General information
- Coordinates: 19°33′02″N 73°21′08″E﻿ / ﻿19.550450°N 73.352187°E
- Elevation: 184.00 metres (603.67 ft)
- System: Indian Railways and Mumbai Suburban Railway station
- Owner: Ministry of Railways, Indian Railways
- Line: Central Line
- Platforms: 2

Construction
- Structure type: Standard on-ground station

Other information
- Status: Active
- Station code: THS
- Fare zone: Central Railways

History
- Opened: 15 February 2018

Services
| Preceding station | Mumbai Suburban Railway |  |  | Following station |
| Atgaon towards Chhatrapati Shivaji Terminus |  | Central line |  | Khardi towards Kasara |

Route map

= Thansit railway station =

Railway station in Thane district, India

Thansit railway station (station code: THS) is a railway station on the Central line of the Mumbai Suburban Railway network.
It comes under Lahe village of Shahapur taluka of Thane District in Maharashtra.

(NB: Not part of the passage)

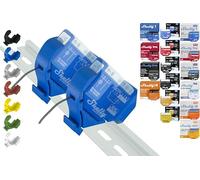 Support de rail DIN « Mini » pour 18 shellys : 1 Gen3, 1PM Gen3, 2PM Gen3, i4 Gen3, Plus 1, Plus 1PM, Plus 2PM, Plus i4, Plus 0-10 V, Wave 1PM, Wave 2PM, Wave Shutter, Wave i4 (2 x bleu prime)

Atgaon is the previous stop and Khardi is the next stop.

==Background==
Thansit railway station was the first cabin station in Mumbai Division of Central Railway, and was originally used only for operational halt of trains due to longer distance between and stations. The people demanded it be converted into an official station, to give benefits to nearby villages around the station. It was declared as an official railway station on 15 February 2018.